2021年 英
監督:ウィル・シャープ
出演:ベネディクト・カンバーバッチ、クレア・フォイ、アンドレア・ライズボロー、トビー・ジョーンズ、タイカ・ワイティティ、ニック・ケイブ
猫をモチーフにしたイラストで有名な画家ルイス・ウェインは、父を早くに亡くし、一家の大黒柱として、母や妹たちを養わなければならなかった。イギリスの上流階級に属する一家は、その体面を守らなければならないのだが、いささか常識はずれで経済観念に乏しい彼は、イラストレーターとして働くものの、決して楽な生活ではなく、母に代わって一家を仕切る妹のキャロラインに、いつも叱られてばかりいた。そんな彼が恋をしたのは、妹の家庭教師として雇ったエミリー。

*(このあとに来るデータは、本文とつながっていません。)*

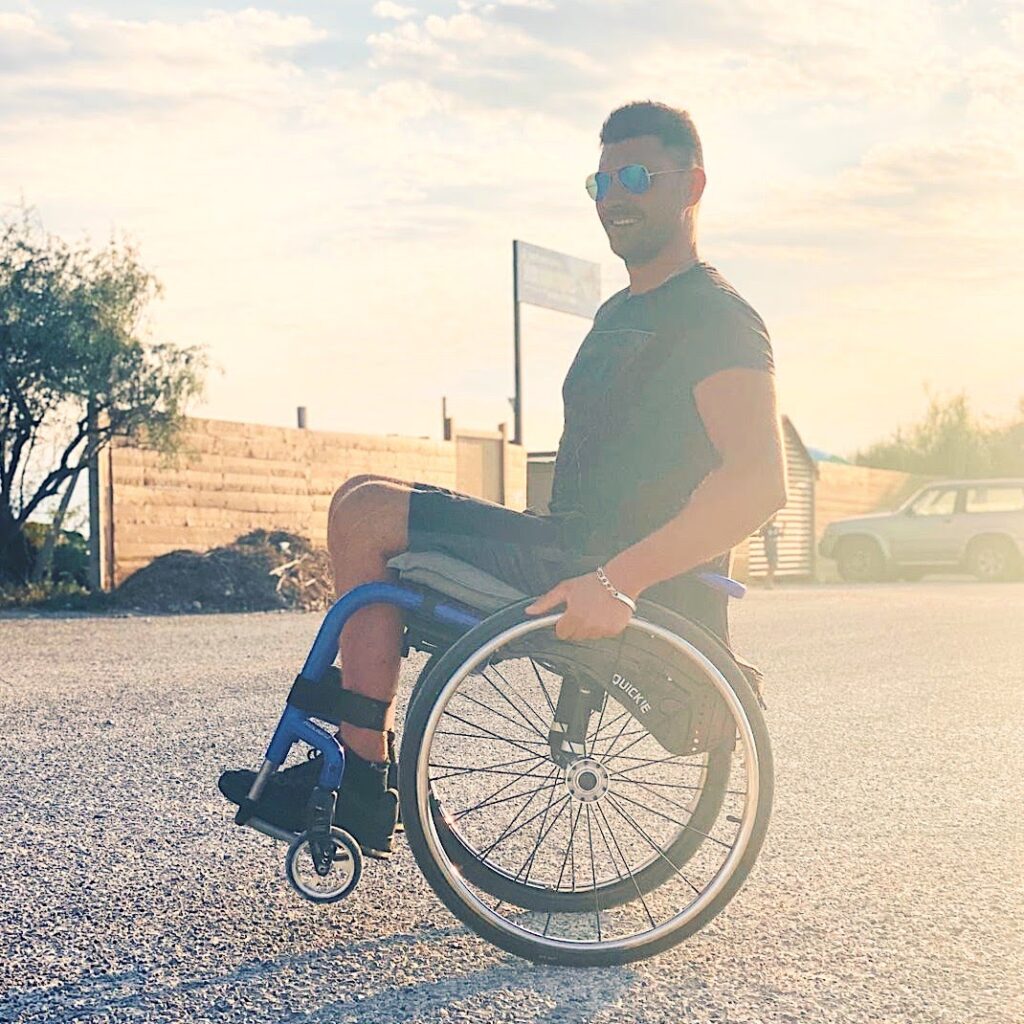 Homme souriant en fauteuil roulant sur une route ensoleillée, portant des lunettes de soleil et un t-shirt foncé, avec un fond de clôture en bois, végétation et voiture stationnée. 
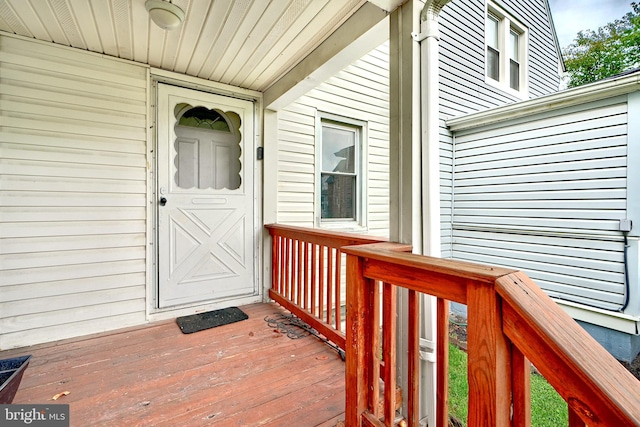 view of exterior entry with a wooden deck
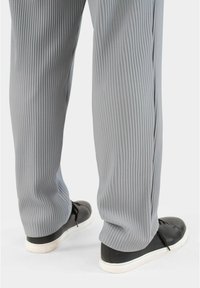 Graue, wellige Hose mit lockerer Passform, kombiniert mit schwarzen Sneakers mit weißen Sohlen und Schnürsenkeln, von hinten gesehen.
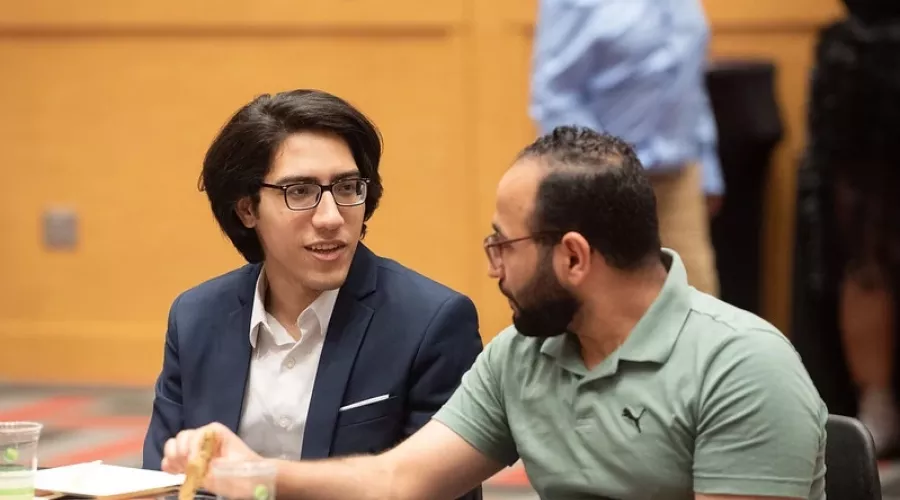 Two graduate students talking while sitting at a table during orientation.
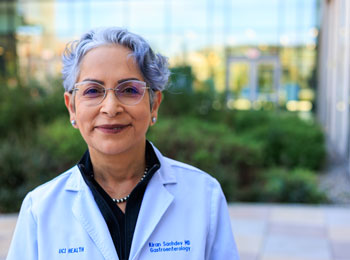 uci health gastroenterologist dr. kiran sachdev outside wearing a white coat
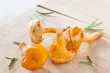 Chanterelles on wood with herbs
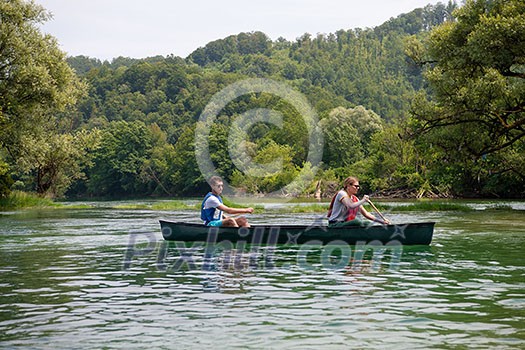 Couple adventurous explorer friends are canoeing in a wild river surrounded by the  beautiful nature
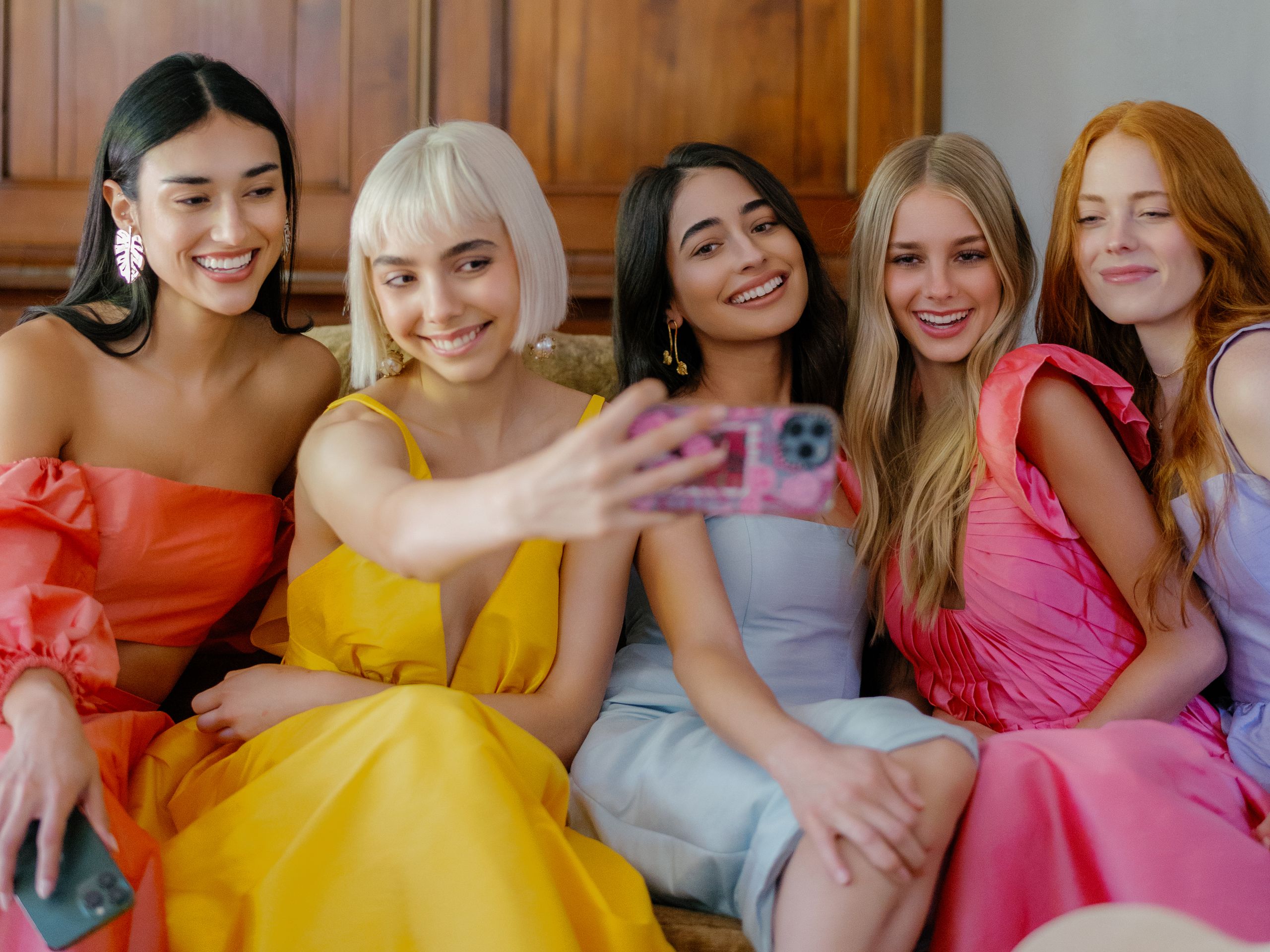 Models take a selfie in bright, summer-wedding-ready gowns by Watters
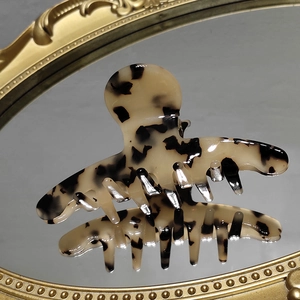 Elegant tortoise shell acetate shark hair claw clip on a vintage mirror surface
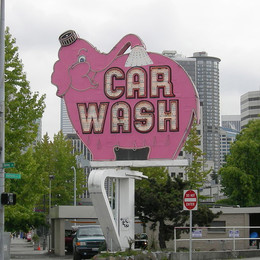 A large neon sign featuring a happy pink elephant that says "Car Wash"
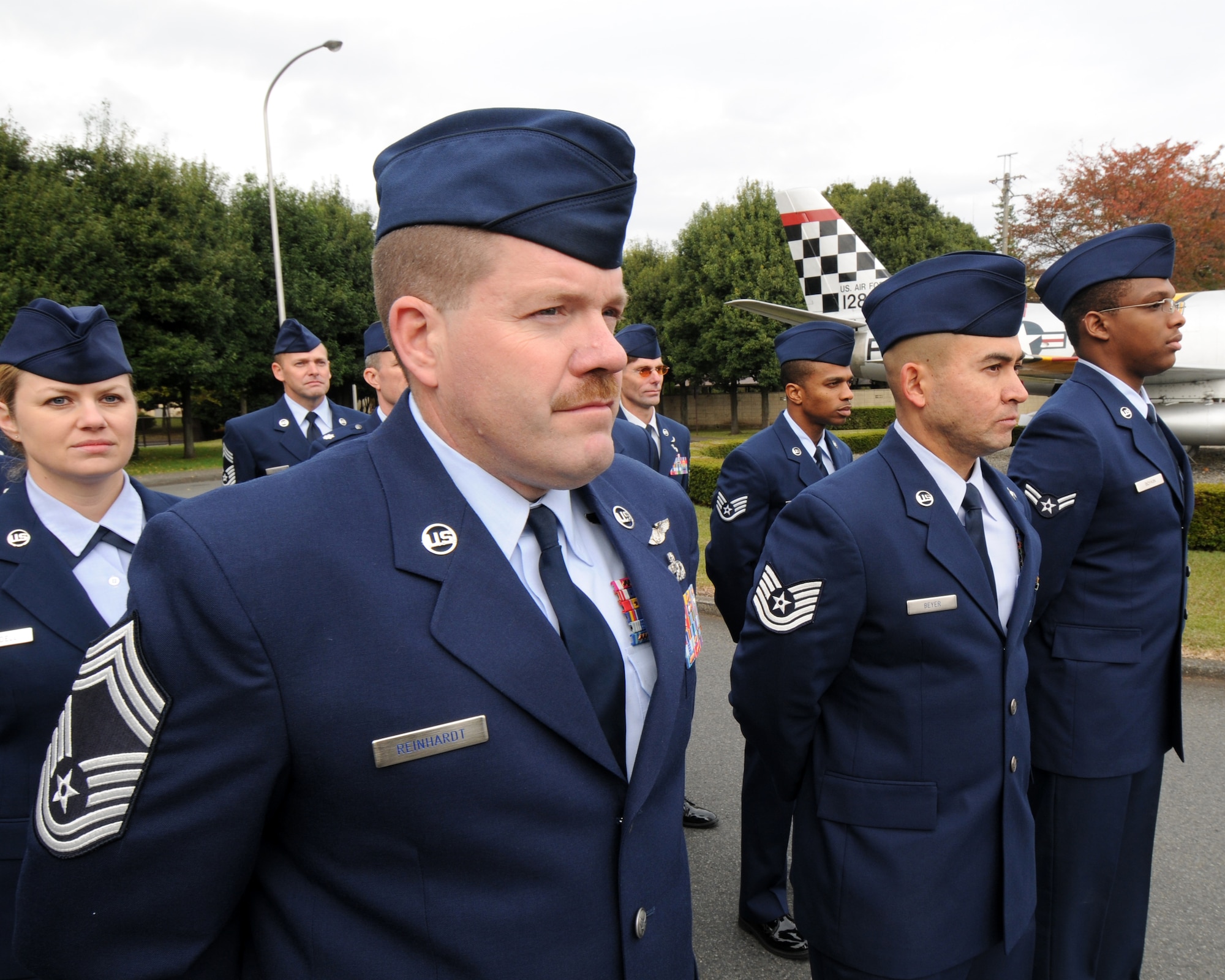 YOKOTA AIR BASE, Japan -- Chief Master Sgt. William Reinhardt (left) and other Airmen stand in formation Nov. 11 during the Veterans Day ceremony sponsored by the Yokota chapter of the Veterans of Foreign Wars.  It was one of two ceremonies held here. The other was conducted by the local chapter of the American Legion. Chief Reinhardt is assigned to the 374th Operations Group. (U.S. Air Force photo by Senior Airman Laszlo Babocsi)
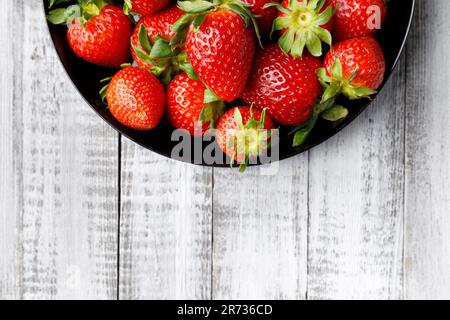 Fragole fresche biologiche in un piatto rotondo nero su uno sfondo di legno chiaro, vista dall'alto, con spazio per il testo. Foto Stock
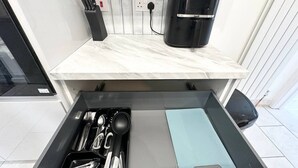 A kitchen with a marble countertop, a black coffee maker, and a drawer with utensils. - New and stylish home (Southsea)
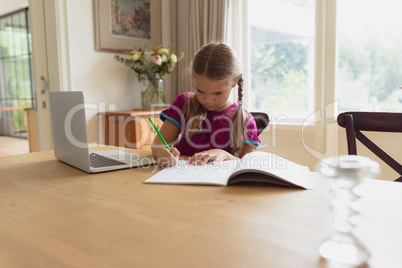 Cute girl doing homework at dining table in a comfortable home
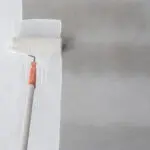 Paint roller applying white paint to an interior wall showing the professional painting process mid-application.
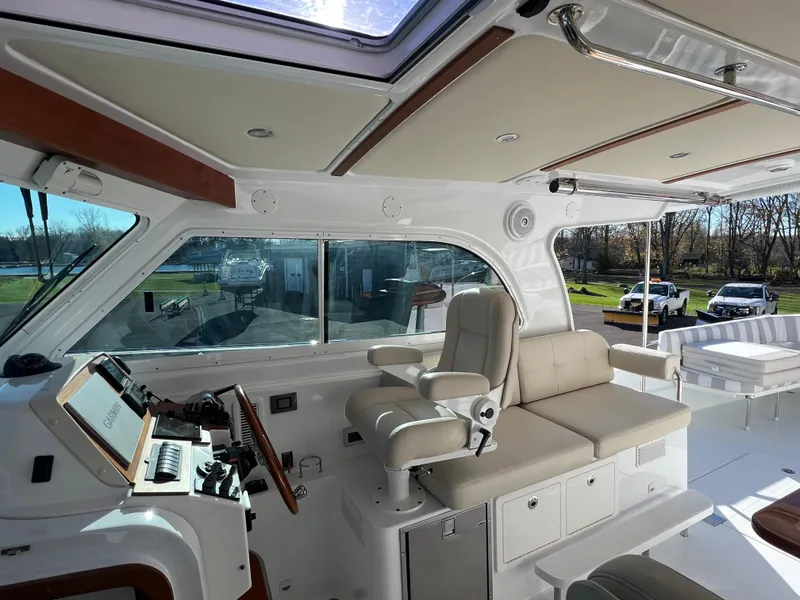 Slide: The Image of 2017 Back Cove Downeast 37 boat interior with helm station and seating area. - 41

家族の反対や周りの白い目をものともせず、二人は新たな生活を始めるのだが、まもなくエミリーの末期ガンが見つかる。ルイスは、エミリーの慰めになればと、庭に迷いこんだ子猫を飼い始め、ピーターと名づけてその姿を描いた・・・
イギリスの上流階級が、馬と犬を大切にするというのはよく言われていることだけど、猫の地位が犬とは比べ物にならないほど低かったとは知りませんでした。"猫の地位が向上したのはルイスのおかげ"というのは、誇張なのか真実なのか分かりませんが・・・とにかく、ニャンコたちが愛されるようになったのは喜ばしいことですね(^^)。
原題が『The Electrical Life of Louis Wain』で、映画の中でも、しきりに"電気"というのが出てくるのですが、どういうことがずっとよく分かりませんでした。最後の方で説明されてて、ああそういう意味で、このタイトルなのねって分かりましたが、日本語タイトルをつけた方も、この観客の感じ方を予想できたので、タイトルを変えたのかな、って思いました。もう少し上手く、物語の中に織り込めたら理解しやすかったかも。
でも、日本語のタイトルでクローズアップされている妻との愛も、エミリーさんが早くに亡くなってしまうので、描く場面が少なくなってしまって、どうも物足りないんですよ。仕方ないのかな、こればっかりは。
どうも観客として未消化な部分が多くはあるんですが・・・とにかく、ベネディクト・カンバーバッチが流石なもので、すべてOKです(^^)。きっと、ルイス・ウェインという人を、ありきたりの感覚で理解しようとしても無理なんでしょう。だから、物語の部分で納得しようとしても無駄・・・カンバーバッチにまかせて、彼の生み出す世界に身を任せればいいってことでしょうかね。